G.P.O: Well with Throbbing Gristle and COUM Transmissions we sort of went from theater of the absurd street theater, into again inevitably looking at the intimate structure of personal taboos and behavior. Why for example is it okay to masturbate in bed at home and not to masturbate in the shopping center? the action is exactly the same but the location is changed. So what is it? Is it context? What makes the parameters? Where are the boundaries and why are they there? And who creates the boundaries of what’s acceptable and not in any culture? And of course you can go from one country where is acceptable to have five wives and then to another country where it’s not allowed, and so culture changes in accordance to geography, and therefore it is malleable because the rules can contradict each other depending on where you are. So culture is contrived by human beings, but what is it contrived to do…to control them. In particular to police the aspects of personal experience we find liberating, that’s why sexuality is policed by culture. Because it has so much power. And while it is also linked to love it is a very powerful force. So when we were doing COUM we went from generalized attacks on the absurdity of society’s contrived ethics into a very, very intimate exploration of that interface between the individual’s sexual and imaginative life and how that causes friction and anger sometimes.

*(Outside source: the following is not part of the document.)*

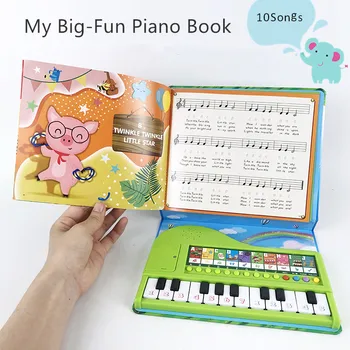 Детско Пиано Книга е Образователна Музикална Играчка за Деца от 3 Години Подаръци, Детски Играчки Клавирните Клавиатура с Книга 10 Инструменти Тон Подарък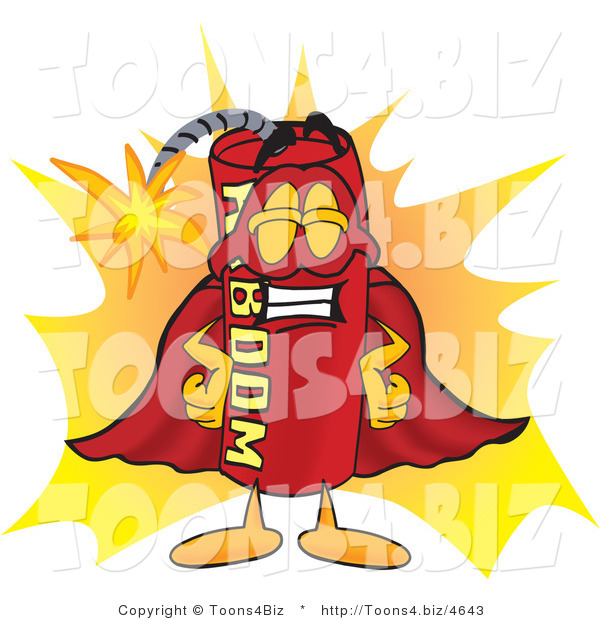 Vector Illustration of a Dynamite Stick Mascot Dressed As a Super Hero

And to look at the role of male-female as well. While that was all happening we discovered that from having been rejected by the art establishment, we were beginning to be courted and embraced and we felt uncomfortable with that. So we started to move away from that world and look again at what was happening in the outside. we wanted to not be elitist and to just talk to a few people in galleries. We wanted to see if we could change society. If we could actually apply the things we’d learned about behavior and make something else happen. So we experimented with Rock music because that seemed to be one of the most easily accepted vehicles for ideas amongst younger people.
ONLY: Music certainly has the opportunity for the shared experience.
G.P.O: But with both COUM and Throbbing Gristle there were times in our explorations of ideas where people were shocked by the content, but in fact we weren’t trying to shock people we were trying to find out why they were shocked.
ONLY: Interesting. It wasn’t simply a case of “here is the line and we are going to push it just to push it”.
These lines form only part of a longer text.